Groupe de personnes – ombres colorées

Des ressources insuffisantes comparées aux besoins des organismes, des effectifs encore déterminés par des objectifs de gestion flous : le premier GS 32 heures de l’année s’est tenu dans un climat très lourd.

Les quelques sorties ÉNAC qu’il était envisageable d’affecter en approches selon les prévisions de l’an dernier, se sont malheureusement volatilisées, certaines avant même leur arrivée à l’ÉNAC (voir CDA n°791).

Le SNCTA dénonce une nouvelle fois les mesures de gestion qui ont pour conséquence une dégradation globale du service rendu et des conditions de travail des contrôleurs.

Les choix faits sont de la responsabilité de la DSNA, le SNCTA les réprouve.

Des ressources ICNA

  • sur 16 inscrits à la sélection professionnelle (SP) ou à l’examen professionnel (EP), la DSNA prévoit l’attribution de 8 postes sûrs et 3 potentiels (notés par un astérisque) en fonction du nombre de lauréats.

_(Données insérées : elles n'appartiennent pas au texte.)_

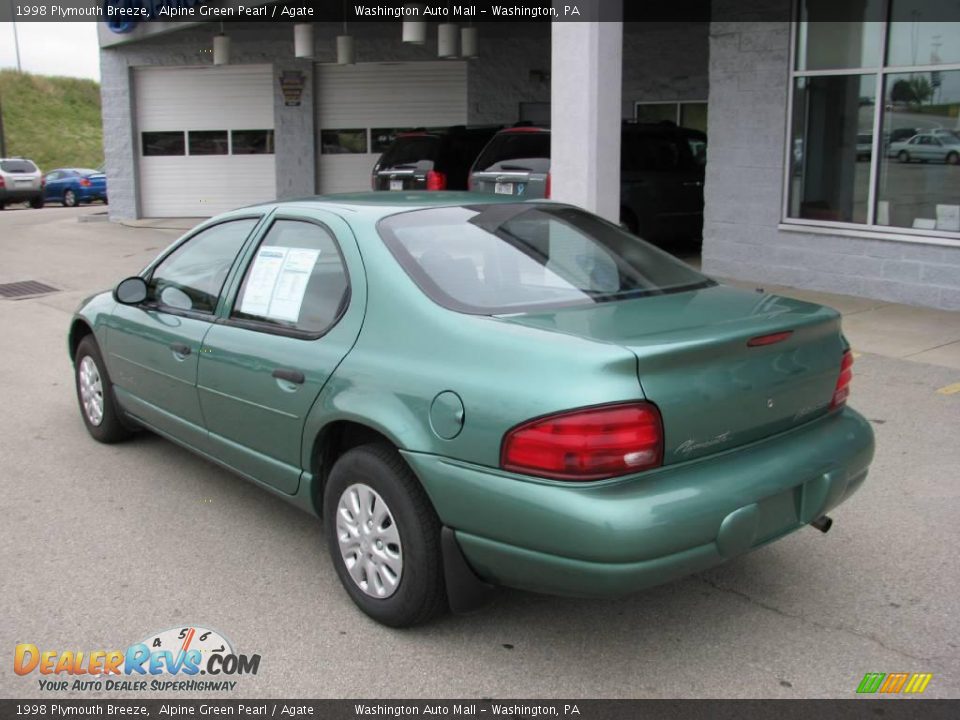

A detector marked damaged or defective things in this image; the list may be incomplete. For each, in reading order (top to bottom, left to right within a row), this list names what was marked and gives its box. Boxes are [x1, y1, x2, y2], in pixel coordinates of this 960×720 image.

pavement crack [700, 572, 932, 664] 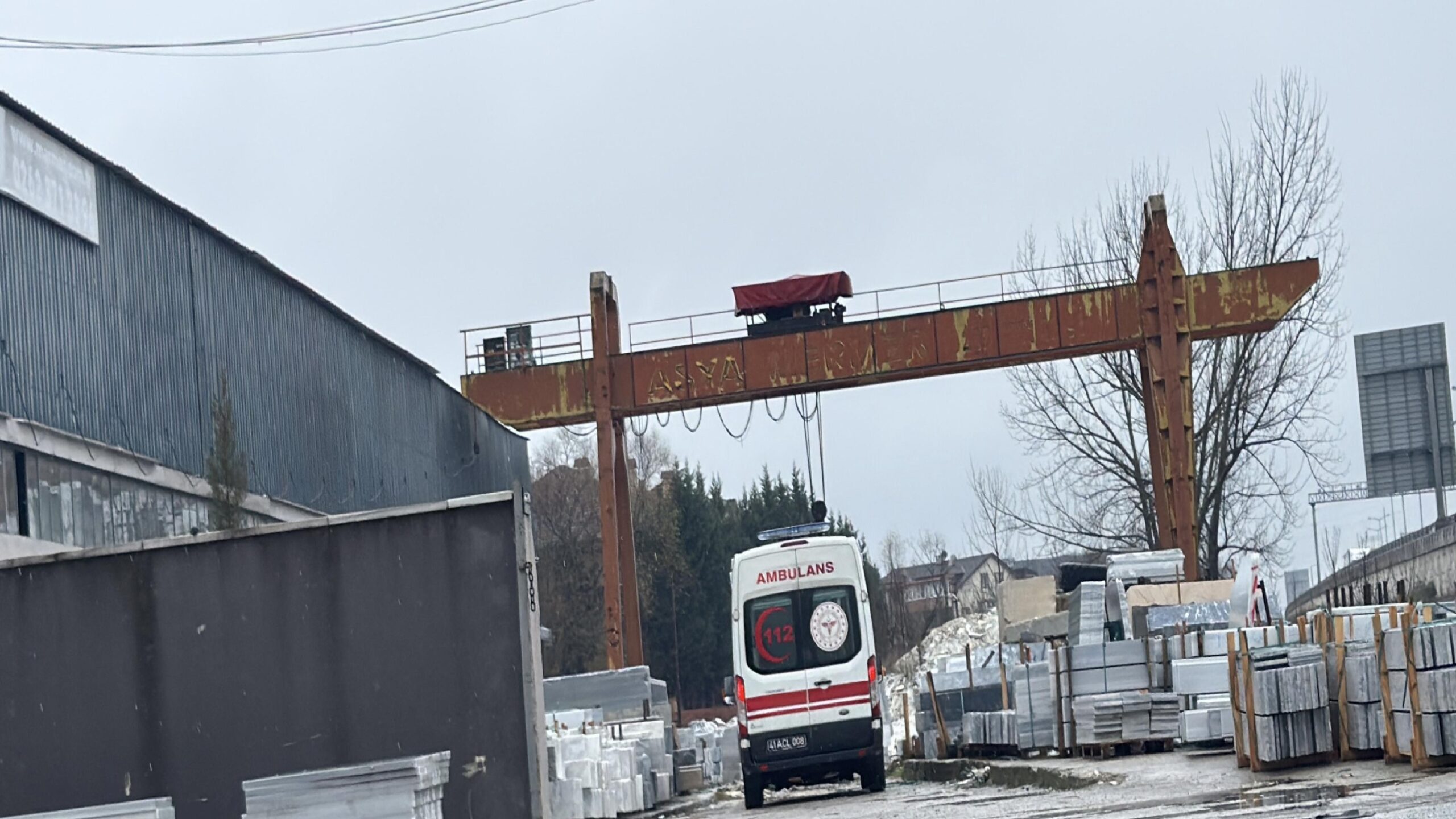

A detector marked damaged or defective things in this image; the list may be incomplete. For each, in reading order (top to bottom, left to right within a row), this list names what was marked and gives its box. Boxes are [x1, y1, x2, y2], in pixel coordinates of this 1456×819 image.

rusty gantry crane [457, 197, 1320, 664]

À noter que contrairement à l’an dernier, les postes ouverts sont variés et assez attractifs, suivant en cela une revendication du SNCTA ;
  • 4 emplois réservés aux anciens militaires ;
  • aucune sortie ÉNAC (toutes affectées en GT Effectifs).

Les ressources en contrôleurs TSEEAC

  • 6 sorties ÉNAC ;
  • 4 emplois réservés aux anciens militaires.

À noter qu’il devrait encore y avoir 8 à 10 sorties ÉNAC lors du GS 32 heures de juillet.

Avec des ressources disponibles insuffisantes face à la croissance du trafic et à l’augmentation des missions de service public des contrôleurs, le GS 32 heures ne pouvait que donner un résultat insatisfaisant.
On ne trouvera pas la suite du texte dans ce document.